It is estimated that more than 70,000 Palestinian Bedouins are living in these 35 villages. Many of these villages predate the establishment of the Israeli state in 1948. Very few of them were created by the Israeli military order in the early 1950s to re-settle Palestinians, who were forcefully evicted from their towns due to Israeli occupation. They were told that their eviction was temporary and that they would go back to their towns after war is over. Yet these towns were occupied by Jewish immigrants instead. These villages were unrecognized by the Israeli government and did not receive any civil services; water, electricity, sewage, education, health care and transportation. The Palestinian Bedouins were declared “illegal occupiers of state property” by Israeli Minister Silvan Shalom.

Israel is a serial war criminal. Its crimes target Palestinians every day. Palestinian villages across the West Bank face unrelenting assaults by the Israeli military. Palestinian home demolitions and razing Palestinian agricultural land have become a daily routine for the Israeli military bulldozers. During last week of November the Israeli occupation authorities declared its intention to confiscate 1500 acres of Palestinian agricultural land in Aqraba village near Nablus and have sent its bulldozers to raze land in order to build a new Jewish only road connecting the illegal settlements of Itamar and Ginnot Shomeron ( palestine-info.co.uk )

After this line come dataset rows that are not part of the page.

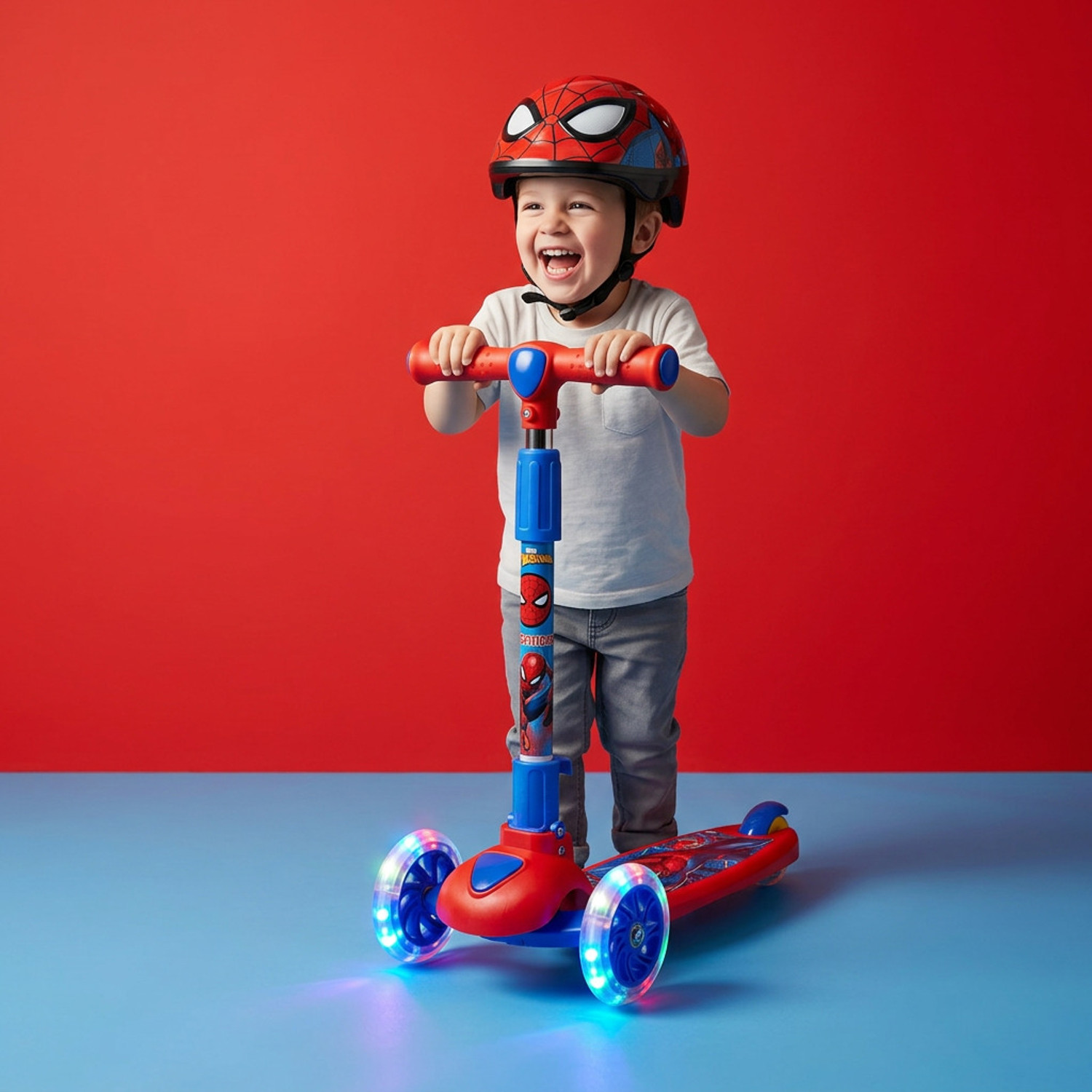 Image of Avengers Spiderman 3 Wheeled Heroglide Kick Scooter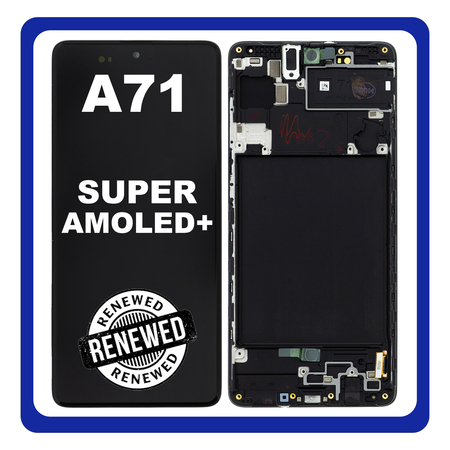 Γνήσια Original Samsung Galaxy A71 2020 A715 (SM-A715F) Super AMOLED Plus Οθόνη LCD Display Screen + Touch Screen DIgitizer Μηχανισμός Αφής + Frame Πλαίσιο Black Μαύρο GH82-22152A GH82-22248A (Renewed)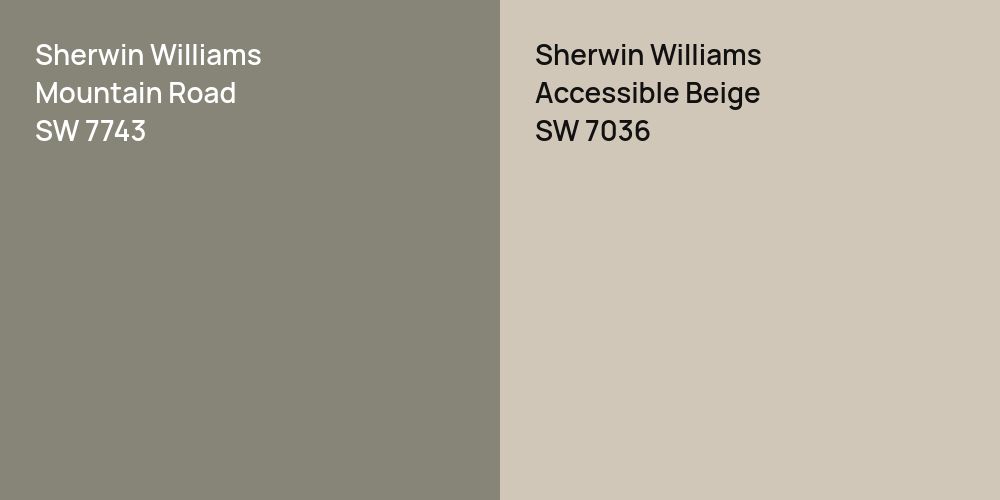 Sherwin Williams Mountain Road vs. Sherwin Williams Accessible Beige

In 29 th November four Israeli military vehicles raided the town of Barta’a southwest of Jenin and handed ten citizens notifications of the intended demolition of their 14 homes due to building without permits. Building permits are not granted to Palestinians while Israeli extremists are allowed to build illegal settlement without any permits. ( Palestine-info.co.uk )

In 28 th of November Israeli military bulldozers razed Palestinian lands in villages south of the West Bank city of Qalqilya. Witnesses told Ma’an News that several Israeli military vehicles escorted the bulldozers to the villages of Ras “Atiya, Ras Al-Tira, and Izbat Jalud, where they razed vast agricultural areas.

The inhabitants of the village of Deir Istiya have been the target of nearby extremist settlers’ terror attacks against their crops and water supply since 1990. This has culminated last week when the Israel military obtained a court ruling allowing them to uproot nearly 2500 olive trees in the Wadi Kana, a valley making up a large part of the village’s farmland. This uprooting will decimate the village’s agriculture and economy destroying the livelihoods of as much as 4000 inhabitants of Deir Istiya. ( Palsolidarity.org )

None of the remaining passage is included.